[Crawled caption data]
--- START ---
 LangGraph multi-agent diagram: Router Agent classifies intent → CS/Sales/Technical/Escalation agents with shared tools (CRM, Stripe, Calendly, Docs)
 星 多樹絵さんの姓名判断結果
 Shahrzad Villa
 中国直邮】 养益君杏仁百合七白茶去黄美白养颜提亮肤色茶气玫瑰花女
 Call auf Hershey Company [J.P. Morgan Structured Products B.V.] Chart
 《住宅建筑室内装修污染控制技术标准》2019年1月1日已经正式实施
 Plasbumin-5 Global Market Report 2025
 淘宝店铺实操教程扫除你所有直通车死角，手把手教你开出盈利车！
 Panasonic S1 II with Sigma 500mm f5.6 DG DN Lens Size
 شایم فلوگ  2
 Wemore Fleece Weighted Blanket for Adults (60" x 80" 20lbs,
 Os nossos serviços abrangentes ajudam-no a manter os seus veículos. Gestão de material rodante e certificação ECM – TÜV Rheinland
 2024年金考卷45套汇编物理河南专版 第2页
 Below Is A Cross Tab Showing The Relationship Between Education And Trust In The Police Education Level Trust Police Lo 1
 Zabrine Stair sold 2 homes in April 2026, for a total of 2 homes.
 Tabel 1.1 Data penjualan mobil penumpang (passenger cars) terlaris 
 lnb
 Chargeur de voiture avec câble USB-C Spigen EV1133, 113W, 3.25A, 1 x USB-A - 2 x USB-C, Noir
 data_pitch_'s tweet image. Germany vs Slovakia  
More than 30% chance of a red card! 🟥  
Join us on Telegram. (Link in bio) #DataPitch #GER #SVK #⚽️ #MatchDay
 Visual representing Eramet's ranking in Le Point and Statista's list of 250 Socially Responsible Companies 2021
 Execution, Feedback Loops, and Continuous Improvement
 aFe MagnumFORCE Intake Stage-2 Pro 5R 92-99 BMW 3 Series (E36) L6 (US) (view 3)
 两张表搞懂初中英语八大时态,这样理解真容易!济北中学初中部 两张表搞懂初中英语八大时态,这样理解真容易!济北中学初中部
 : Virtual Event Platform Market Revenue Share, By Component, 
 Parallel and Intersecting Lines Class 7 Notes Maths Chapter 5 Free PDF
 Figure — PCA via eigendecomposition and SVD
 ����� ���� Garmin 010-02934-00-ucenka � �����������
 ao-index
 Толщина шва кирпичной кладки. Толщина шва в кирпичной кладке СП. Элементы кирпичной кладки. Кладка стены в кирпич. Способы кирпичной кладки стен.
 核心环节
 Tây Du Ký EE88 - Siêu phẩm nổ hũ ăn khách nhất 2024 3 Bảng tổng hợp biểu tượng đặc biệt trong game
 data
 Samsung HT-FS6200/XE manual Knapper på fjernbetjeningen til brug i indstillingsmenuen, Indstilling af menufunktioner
--- END ---
TASK INSTRUCTIONS: The lines to extract from the data above begin with the line containing "Os nossos serviços" and end with the line containing "Below Is A Cross". Extract them exactly, including both.

PROBLEM SOLUTION:
 Os nossos serviços abrangentes ajudam-no a manter os seus veículos. Gestão de material rodante e certificação ECM – TÜV Rheinland
 2024年金考卷45套汇编物理河南专版 第2页
 Below Is A Cross Tab Showing The Relationship Between Education And Trust In The Police Education Level Trust Police Lo 1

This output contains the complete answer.